BEGIN AVAILABLE DATA

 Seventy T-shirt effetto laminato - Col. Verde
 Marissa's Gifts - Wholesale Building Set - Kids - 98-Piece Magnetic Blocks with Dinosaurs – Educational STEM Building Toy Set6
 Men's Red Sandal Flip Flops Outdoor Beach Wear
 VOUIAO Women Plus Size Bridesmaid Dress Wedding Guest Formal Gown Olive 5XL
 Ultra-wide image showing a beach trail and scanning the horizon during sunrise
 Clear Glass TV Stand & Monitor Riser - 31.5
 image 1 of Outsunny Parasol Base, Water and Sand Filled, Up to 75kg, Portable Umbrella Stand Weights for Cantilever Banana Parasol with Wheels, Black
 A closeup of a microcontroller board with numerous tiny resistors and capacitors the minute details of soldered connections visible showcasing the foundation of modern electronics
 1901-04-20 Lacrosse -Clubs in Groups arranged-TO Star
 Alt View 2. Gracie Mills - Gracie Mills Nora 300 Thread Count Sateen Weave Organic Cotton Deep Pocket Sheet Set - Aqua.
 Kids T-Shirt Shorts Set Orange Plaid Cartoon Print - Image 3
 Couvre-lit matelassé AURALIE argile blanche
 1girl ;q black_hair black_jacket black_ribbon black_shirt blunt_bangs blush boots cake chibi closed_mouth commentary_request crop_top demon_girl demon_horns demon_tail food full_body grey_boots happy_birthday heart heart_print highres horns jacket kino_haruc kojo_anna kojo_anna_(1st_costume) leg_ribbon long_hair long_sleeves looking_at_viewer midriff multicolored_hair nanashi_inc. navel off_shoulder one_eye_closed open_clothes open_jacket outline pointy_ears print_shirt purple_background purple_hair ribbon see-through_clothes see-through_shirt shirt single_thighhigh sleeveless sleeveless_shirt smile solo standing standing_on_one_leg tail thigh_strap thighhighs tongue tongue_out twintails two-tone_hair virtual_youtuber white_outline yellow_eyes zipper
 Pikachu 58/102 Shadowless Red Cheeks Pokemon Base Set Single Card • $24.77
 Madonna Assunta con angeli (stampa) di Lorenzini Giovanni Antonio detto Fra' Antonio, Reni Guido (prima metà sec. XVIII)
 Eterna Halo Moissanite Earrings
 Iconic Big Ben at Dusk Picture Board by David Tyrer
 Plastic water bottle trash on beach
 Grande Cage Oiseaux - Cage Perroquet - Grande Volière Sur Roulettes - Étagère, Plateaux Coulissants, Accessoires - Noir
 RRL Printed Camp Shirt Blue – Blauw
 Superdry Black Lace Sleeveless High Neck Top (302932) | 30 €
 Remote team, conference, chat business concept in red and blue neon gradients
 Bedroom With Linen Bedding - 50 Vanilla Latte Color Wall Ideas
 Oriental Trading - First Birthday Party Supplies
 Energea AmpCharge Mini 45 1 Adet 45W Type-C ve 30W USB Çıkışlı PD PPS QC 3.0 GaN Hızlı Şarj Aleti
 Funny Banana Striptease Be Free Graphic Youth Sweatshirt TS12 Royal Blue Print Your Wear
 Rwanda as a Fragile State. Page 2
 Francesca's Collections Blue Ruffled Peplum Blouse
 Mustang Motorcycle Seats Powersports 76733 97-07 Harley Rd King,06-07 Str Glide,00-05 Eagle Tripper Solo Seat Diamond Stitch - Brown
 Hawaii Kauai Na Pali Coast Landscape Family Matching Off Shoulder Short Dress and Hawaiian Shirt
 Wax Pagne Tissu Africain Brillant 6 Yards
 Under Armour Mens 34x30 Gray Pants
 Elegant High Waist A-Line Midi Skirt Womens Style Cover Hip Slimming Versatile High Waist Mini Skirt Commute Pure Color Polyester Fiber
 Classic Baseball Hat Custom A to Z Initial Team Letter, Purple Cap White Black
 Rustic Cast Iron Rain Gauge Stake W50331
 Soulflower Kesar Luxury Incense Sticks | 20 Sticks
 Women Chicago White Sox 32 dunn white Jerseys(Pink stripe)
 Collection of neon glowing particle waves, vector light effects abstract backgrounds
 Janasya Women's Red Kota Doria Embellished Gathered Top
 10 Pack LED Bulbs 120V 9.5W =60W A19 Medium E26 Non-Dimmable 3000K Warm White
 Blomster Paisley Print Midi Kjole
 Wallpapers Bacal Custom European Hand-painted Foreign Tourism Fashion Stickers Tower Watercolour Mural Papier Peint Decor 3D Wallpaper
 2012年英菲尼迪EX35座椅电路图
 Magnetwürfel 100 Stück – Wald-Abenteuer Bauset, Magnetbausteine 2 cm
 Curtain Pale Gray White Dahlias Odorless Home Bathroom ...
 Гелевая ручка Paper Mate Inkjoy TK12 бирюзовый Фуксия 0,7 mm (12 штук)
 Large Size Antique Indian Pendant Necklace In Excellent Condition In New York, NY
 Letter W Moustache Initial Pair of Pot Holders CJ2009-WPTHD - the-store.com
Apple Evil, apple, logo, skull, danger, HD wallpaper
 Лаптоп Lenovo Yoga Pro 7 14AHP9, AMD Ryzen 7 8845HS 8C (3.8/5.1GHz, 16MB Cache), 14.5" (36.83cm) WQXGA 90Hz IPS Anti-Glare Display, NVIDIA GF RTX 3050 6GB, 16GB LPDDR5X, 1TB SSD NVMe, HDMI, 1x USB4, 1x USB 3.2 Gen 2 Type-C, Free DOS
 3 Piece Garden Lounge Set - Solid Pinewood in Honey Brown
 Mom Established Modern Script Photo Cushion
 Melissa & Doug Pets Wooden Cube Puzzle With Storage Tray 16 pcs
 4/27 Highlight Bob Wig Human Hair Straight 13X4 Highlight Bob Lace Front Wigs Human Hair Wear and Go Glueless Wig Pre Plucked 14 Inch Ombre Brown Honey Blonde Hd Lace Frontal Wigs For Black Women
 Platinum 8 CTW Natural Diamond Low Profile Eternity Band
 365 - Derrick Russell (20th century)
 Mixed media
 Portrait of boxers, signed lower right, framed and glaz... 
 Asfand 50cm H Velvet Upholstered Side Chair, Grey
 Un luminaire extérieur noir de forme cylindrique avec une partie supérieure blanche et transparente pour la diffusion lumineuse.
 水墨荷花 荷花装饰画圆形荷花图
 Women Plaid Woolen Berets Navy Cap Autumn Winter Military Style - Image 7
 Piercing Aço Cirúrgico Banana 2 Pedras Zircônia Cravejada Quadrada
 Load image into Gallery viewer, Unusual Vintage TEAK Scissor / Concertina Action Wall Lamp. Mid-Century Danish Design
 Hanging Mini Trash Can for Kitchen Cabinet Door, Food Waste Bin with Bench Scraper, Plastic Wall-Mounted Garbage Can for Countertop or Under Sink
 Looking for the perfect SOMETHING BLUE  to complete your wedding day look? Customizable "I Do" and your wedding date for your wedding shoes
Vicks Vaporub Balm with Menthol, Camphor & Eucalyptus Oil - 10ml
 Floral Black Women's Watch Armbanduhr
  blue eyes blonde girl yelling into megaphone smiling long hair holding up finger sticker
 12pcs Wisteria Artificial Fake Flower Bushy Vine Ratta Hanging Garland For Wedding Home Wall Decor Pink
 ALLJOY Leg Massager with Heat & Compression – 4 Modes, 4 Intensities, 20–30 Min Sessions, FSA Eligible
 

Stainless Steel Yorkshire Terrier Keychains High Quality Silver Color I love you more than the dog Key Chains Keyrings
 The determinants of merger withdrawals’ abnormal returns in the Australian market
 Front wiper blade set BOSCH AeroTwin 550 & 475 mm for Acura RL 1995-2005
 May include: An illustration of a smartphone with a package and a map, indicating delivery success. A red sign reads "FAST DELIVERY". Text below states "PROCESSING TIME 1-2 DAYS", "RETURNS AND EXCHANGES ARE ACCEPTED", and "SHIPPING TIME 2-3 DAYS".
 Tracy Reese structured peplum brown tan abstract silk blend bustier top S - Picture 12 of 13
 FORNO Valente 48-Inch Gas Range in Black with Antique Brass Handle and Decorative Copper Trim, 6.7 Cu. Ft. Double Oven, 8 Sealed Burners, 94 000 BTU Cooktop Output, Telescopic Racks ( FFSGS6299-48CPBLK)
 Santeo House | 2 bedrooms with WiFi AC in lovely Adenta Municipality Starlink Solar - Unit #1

END AVAILABLE DATA

* **TASK DIRECTIONS**
All lines above from the one containing "Asfand 50cm H" to the one containing "Tracy Reese structured" must be repeated exactly, both lines included, and no others.

* **SOLUTION FOR THIS PROBLEM**
 Asfand 50cm H Velvet Upholstered Side Chair, Grey
 Un luminaire extérieur noir de forme cylindrique avec une partie supérieure blanche et transparente pour la diffusion lumineuse.
 水墨荷花 荷花装饰画圆形荷花图
 Women Plaid Woolen Berets Navy Cap Autumn Winter Military Style - Image 7
 Piercing Aço Cirúrgico Banana 2 Pedras Zircônia Cravejada Quadrada
 Load image into Gallery viewer, Unusual Vintage TEAK Scissor / Concertina Action Wall Lamp. Mid-Century Danish Design
 Hanging Mini Trash Can for Kitchen Cabinet Door, Food Waste Bin with Bench Scraper, Plastic Wall-Mounted Garbage Can for Countertop or Under Sink
 Looking for the perfect SOMETHING BLUE  to complete your wedding day look? Customizable "I Do" and your wedding date for your wedding shoes
Vicks Vaporub Balm with Menthol, Camphor & Eucalyptus Oil - 10ml
 Floral Black Women's Watch Armbanduhr
  blue eyes blonde girl yelling into megaphone smiling long hair holding up finger sticker
 12pcs Wisteria Artificial Fake Flower Bushy Vine Ratta Hanging Garland For Wedding Home Wall Decor Pink
 ALLJOY Leg Massager with Heat & Compression – 4 Modes, 4 Intensities, 20–30 Min Sessions, FSA Eligible
 

Stainless Steel Yorkshire Terrier Keychains High Quality Silver Color I love you more than the dog Key Chains Keyrings
 The determinants of merger withdrawals’ abnormal returns in the Australian market
 Front wiper blade set BOSCH AeroTwin 550 & 475 mm for Acura RL 1995-2005
 May include: An illustration of a smartphone with a package and a map, indicating delivery success. A red sign reads "FAST DELIVERY". Text below states "PROCESSING TIME 1-2 DAYS", "RETURNS AND EXCHANGES ARE ACCEPTED", and "SHIPPING TIME 2-3 DAYS".
 Tracy Reese structured peplum brown tan abstract silk blend bustier top S - Picture 12 of 13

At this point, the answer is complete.